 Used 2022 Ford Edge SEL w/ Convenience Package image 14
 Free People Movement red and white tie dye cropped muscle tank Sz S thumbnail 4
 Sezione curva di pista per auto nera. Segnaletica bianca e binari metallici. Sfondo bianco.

* **GOAL OF THE EXERCISE**
All of the material above should be repeated word for word.

* **WRITTEN ANSWER**
 Used 2022 Ford Edge SEL w/ Convenience Package image 14
 Free People Movement red and white tie dye cropped muscle tank Sz S thumbnail 4
 Sezione curva di pista per auto nera. Segnaletica bianca e binari metallici. Sfondo bianco.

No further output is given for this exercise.